Activity: Your copy begins at the line with "Rhinestone Clay Pave" and runs through the end of the data below. Set down only those lines exactly, without pictures.

Source data:
--

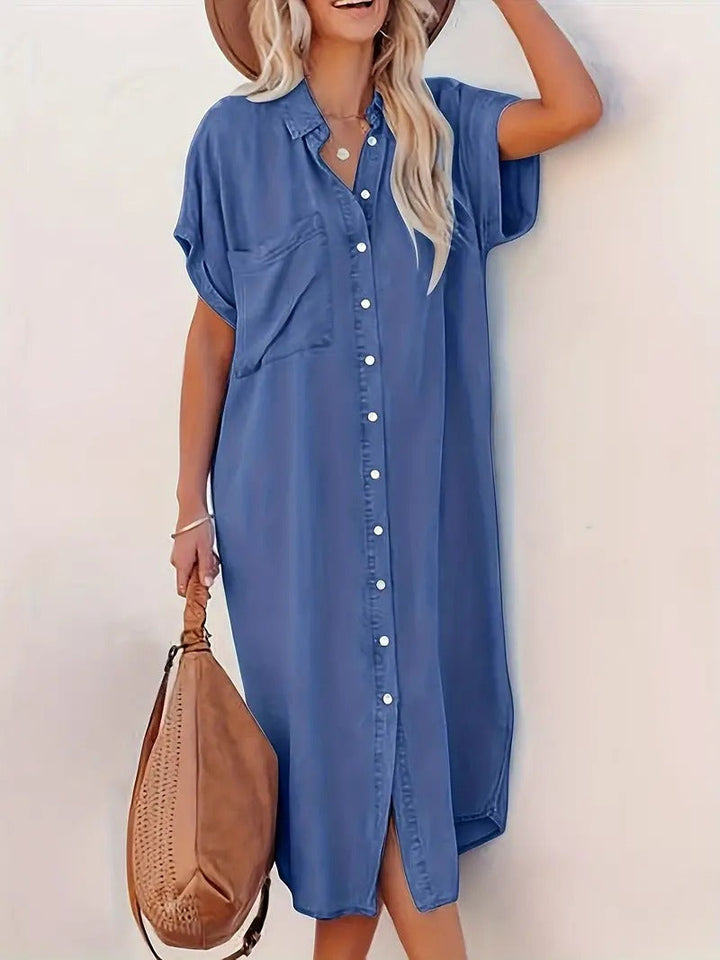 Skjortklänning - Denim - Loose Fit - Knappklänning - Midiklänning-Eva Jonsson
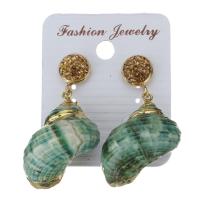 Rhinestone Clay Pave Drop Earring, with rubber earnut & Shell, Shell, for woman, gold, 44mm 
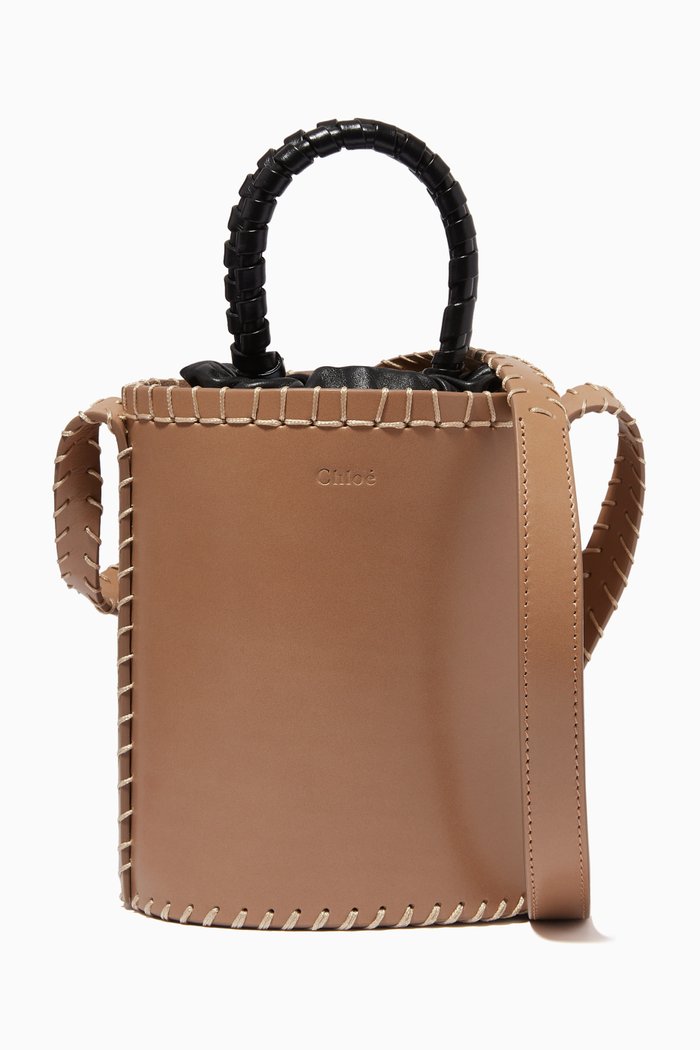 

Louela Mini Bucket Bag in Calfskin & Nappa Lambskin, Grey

--

Solution for this problem:
 Rhinestone Clay Pave Drop Earring, with rubber earnut & Shell, Shell, for woman, gold, 44mm 

Louela Mini Bucket Bag in Calfskin & Nappa Lambskin, Grey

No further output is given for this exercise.